Divergence of Rho residue 43 impacts GEF activity

• Published in: Small GTPases Vol. 3; no. 1; pp. 15 - 22
• Main Authors: Sloan, Christina M., Quinn, Clancy V., Peters, Justin P., Farley, Janean, Goetzinger, Chris, Wernli, Molly, DeMali, Kris A., Ellerbroek, Shawn M.
• Format: Journal Article
• Language: English
• Published: United States Taylor & Francis 01.01.2012; Landes Bioscience
• Subjects: Animals; Binding; Biology; Bioscience; Calcium; Cancer; Cell; Cell Line, Tumor; Cycle; GEF; Guanine Nucleotide Exchange Factors - metabolism; Guanosine Triphosphate - metabolism; Humans; Landes; Mice; NIH 3T3 Cells; nucleotide exchange; Organogenesis; Point Mutation; Proteins; Recombinant Fusion Proteins - chemistry; Recombinant Fusion Proteins - genetics; Recombinant Fusion Proteins - metabolism; Research Paper; Residue 43; RHO; rho GTP-Binding Proteins - chemistry; rho GTP-Binding Proteins - genetics; rho GTP-Binding Proteins - metabolism; rhoA GTP-Binding Protein - chemistry; rhoA GTP-Binding Protein - genetics; rhoA GTP-Binding Protein - metabolism; rhoB GTP-Binding Protein - chemistry; rhoB GTP-Binding Protein - genetics; rhoB GTP-Binding Protein - metabolism; rhoC GTP-Binding Protein
• ISSN: 2154-1248; 2154-1256
• DOI: 10.4161/sgtp.19557

RhoA, RhoB and RhoC GTPases are over 85% identical at the amino acid level, with RhoA and RhoC differing at only one residue (43) across the initial two-thirds of their sequences.
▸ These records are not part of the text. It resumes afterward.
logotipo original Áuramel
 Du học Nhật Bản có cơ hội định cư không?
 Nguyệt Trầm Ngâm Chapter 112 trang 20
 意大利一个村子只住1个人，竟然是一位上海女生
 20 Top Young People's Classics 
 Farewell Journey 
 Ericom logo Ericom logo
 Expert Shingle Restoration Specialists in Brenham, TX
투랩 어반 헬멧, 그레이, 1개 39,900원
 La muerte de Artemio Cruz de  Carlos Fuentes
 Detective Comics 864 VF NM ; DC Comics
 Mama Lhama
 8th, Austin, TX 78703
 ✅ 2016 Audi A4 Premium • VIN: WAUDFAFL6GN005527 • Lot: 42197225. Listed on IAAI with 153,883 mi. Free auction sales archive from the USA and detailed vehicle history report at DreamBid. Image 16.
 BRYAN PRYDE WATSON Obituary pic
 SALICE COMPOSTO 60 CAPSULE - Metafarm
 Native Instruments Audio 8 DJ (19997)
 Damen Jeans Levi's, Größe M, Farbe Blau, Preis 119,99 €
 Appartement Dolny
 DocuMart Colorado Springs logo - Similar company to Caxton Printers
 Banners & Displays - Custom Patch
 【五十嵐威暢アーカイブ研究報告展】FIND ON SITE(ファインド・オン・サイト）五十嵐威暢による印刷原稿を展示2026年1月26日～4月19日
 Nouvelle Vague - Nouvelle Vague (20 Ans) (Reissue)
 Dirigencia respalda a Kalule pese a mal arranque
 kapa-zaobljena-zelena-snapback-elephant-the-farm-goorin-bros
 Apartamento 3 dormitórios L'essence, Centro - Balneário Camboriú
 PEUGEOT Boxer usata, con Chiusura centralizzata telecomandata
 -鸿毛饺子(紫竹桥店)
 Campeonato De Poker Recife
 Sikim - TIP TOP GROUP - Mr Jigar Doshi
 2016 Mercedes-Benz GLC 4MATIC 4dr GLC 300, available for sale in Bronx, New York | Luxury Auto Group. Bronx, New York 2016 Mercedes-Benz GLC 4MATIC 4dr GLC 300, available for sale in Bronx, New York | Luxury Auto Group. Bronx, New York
A putative regulatory distinction between the molecules is their capacity to be uniquely activated by guanine nucleotide exchange factors (GEFs). We hypothesize that variation of amino acid residue 43 between RhoA/B (valine) and RhoC (isoleucine) impacts GEF activity. Direct participation of residue 43 in GEF-catalyzed exchange was confirmed by the observation that mutation of this position to a threonine reduced GEF-catalyzed nucleotide exchange activity in vitro (Vav2, XPLN, GEFT, Dbl and Dbs) and greatly depressed RhoA and RhoC GTP-loading profiles in cell lysates. Using a residue swap approach, substitution of RhoA Val 43 with an Ile was found to significantly promote basal nucleotide exchange activity and enhance GTP-loading in cells. Substitution of Val 43 with an Ile in RhoB negatively affected nucleotide exchange in vitro. Substitution of RhoC Ile 43 with a Val increased GEF-catalyzed exchange in vitro. In addition, RhoC-I43V was more efficacious at driving ovarian cancer cell invasion through matrigrel than wild-type RhoC, RhoC-I43T, wild-type RhoA, RhoA-V43I or RhoA-V43T GTPases. These findings suggest that a divergence between RhoA/B and RhoC at residue 43 impacts basal and GEF-stimulated nucleotide exchange activity.